Statistics

Subdecks (1)

Cards (170)

  • Raw Data
    Unprocessed. Just been collected. Needs to be ordered, grouped, rounded, cleaned.
  • Qualitative Data

    Non-numerical, descriptive data such as eye/hair colour or gender. Often subjective so usually more difficult to analyse.
  • Quantitative Data
    Numerical data. Can be measured with numbers. Easier to analyse than quantitative data. Example, height, weights, marks in an exam etc.
  • Discrete Data

    Only takes particular values (not necessarily whole numbers) such as shoe size or number of people.
  • Continuous Data
    Can take any value e.g. height, weight.
  • Categorical Data
    Data that can be sorted into non-overlapping categories such as gender. Used for qualitative data so that it can be more easily processed.
  • Ordinal (rank) Data
    Quantitative data that can be given an order or ranked on a rating scale, e.g. marks in an exam.
  • Bivariate Data

    Involves measuring 2 variables. Can be qualitative or quantitative, grouped or ungrouped. Usually used with scatter diagrams where the two axes represent the two different variables. One variable is often called the explanatory variable and the other the response variable.
  • Multivariate Data

    Made up of more than 2 variables e.g. comparing height, weight, age and shoe size together.
  • Grouping Data
    1. Grouping data using tables makes it easier to spot patterns in the data and quickly see how the data is distributed.
    2. Discrete data can be grouped into classes that do not overlap e.g. 0-10, 11-15… (they do not have to have equal class width).

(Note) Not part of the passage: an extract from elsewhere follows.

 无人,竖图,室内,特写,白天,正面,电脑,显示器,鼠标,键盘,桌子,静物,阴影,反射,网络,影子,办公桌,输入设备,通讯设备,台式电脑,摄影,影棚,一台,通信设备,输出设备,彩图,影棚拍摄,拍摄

Uses smaller intervals when there is a lot of data close together in that range and wider classes for data that is more spread out.
    3. Continuous data can be grouped using inequalities. The class intervals must not have gaps between them or be overlapping so inequality symbols must be used with one of the symbols being < and the other ≤.
  • Pros of Grouping Data
    • Makes the data easy to read and understand
    • Easy to spot patterns and compare data
  • Cons of Grouping Data

    • Loses accuracy of data as you no longer know exact data values
    • Calculations made from these will only be an estimate e.g. mean
  • Primary Data
    Data that you have collected yourself, or someone has collected on your behalf.
  • Secondary Data
    Data that has already been collected.
  • Population
    Everyone or everything that could be involved in the investigation e.g. when investigating opinions of students in a school the population would be all the students in the school.
  • Census
    A survey of the entire population.
  • Sample
    A smaller number from the population that you actually survey. The data obtained from the sample is then used to make conclusions about the whole population, so it is important that the sample represents the population fairly.
  • Sampling Frame

    A list of all the members of the population. This is where you will choose the sample from. E.g. electoral roll, school register.
  • Sampling Unit
    The people that are to be sampled e.g. students in a school.
  • Biased Sample
    A sample that does not represent the population fairly. Example, if surveying students at a mixed school and the sample only contains girls. Avoid bias by using random sampling methods.
  • Simple Random Sampling
    1. Every item/person in the population has an equal chance of being selected.
    2. Assign a number to every member in the population.
    3. Mention the random sampling technique you are going to use e.g. a random number table or a random number generator on a calculator.
    4. Select the numbers chosen from your population.
    5. Ignore any repeats and choose another number.
  • Advantages of Simple Random Sampling
    • Sample is representative as every member of the population has an equal chance of being selected
    • Unbiased
  • Disadvantages of Simple Random Sampling
    • Need a full list of population (not always easily obtainable)
    • Not always convenient as it can be expensive and time consuming
    • Needs a large sample size
  • Stratified Sampling

    1. The size of each strata (group) in the sample is in proportion to the sizes of strata in the population. E.g. if group A accounts for 10% of the population, in the sample group A will also be 10% of the sample size.
    2. Split the population into groups (usually done for you in the exam)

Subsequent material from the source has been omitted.